## Task input
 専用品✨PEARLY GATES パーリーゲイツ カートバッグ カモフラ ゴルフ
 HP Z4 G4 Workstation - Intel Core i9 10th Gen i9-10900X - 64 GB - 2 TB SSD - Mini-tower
==
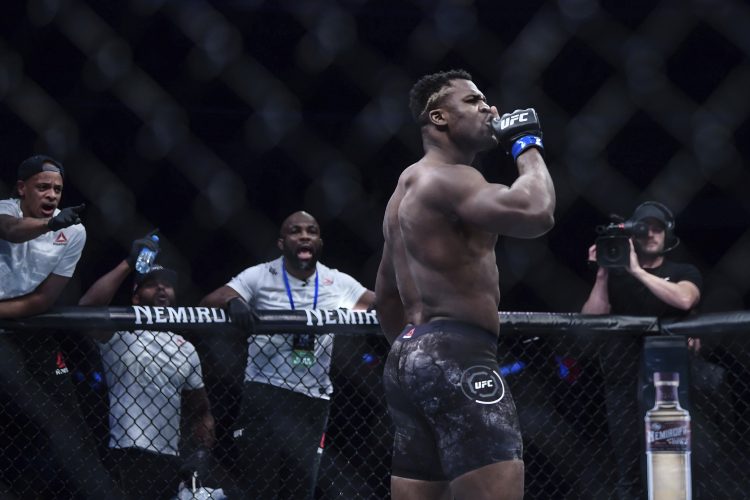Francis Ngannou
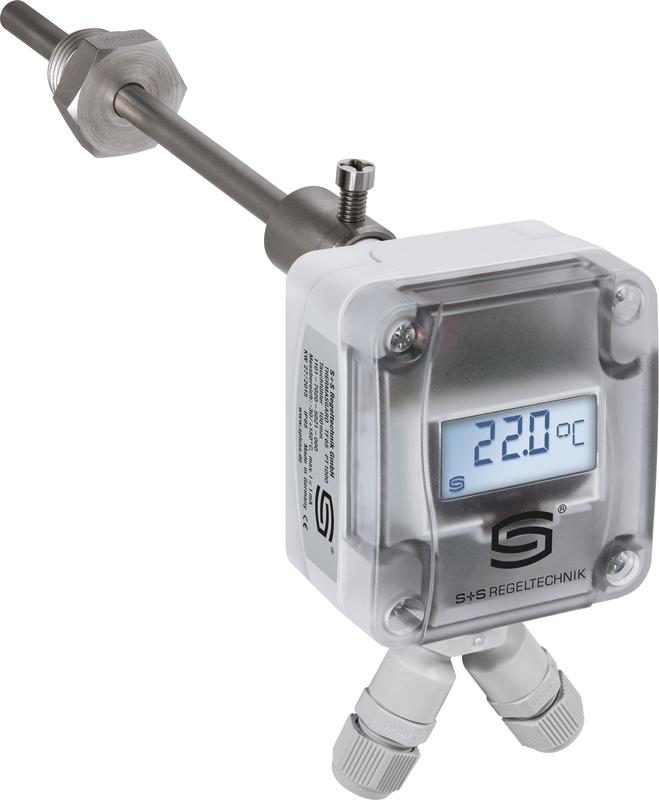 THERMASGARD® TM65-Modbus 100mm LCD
==
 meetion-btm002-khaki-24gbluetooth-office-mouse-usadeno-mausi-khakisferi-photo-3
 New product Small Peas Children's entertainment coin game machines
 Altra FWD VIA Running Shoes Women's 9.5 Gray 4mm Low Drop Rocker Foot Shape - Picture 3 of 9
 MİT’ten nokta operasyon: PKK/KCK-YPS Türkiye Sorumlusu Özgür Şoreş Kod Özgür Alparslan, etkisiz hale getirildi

## Task statement
The required answer is the exact run of lines above starting at the line with "専用品✨PEARLY GATES パーリーゲイツ カートバッグ カモフラ ゴルフ" and ending at the line with "HP Z4 G4 Workstation", with both ends present.

## Solution below
 専用品✨PEARLY GATES パーリーゲイツ カートバッグ カモフラ ゴルフ
 HP Z4 G4 Workstation - Intel Core i9 10th Gen i9-10900X - 64 GB - 2 TB SSD - Mini-tower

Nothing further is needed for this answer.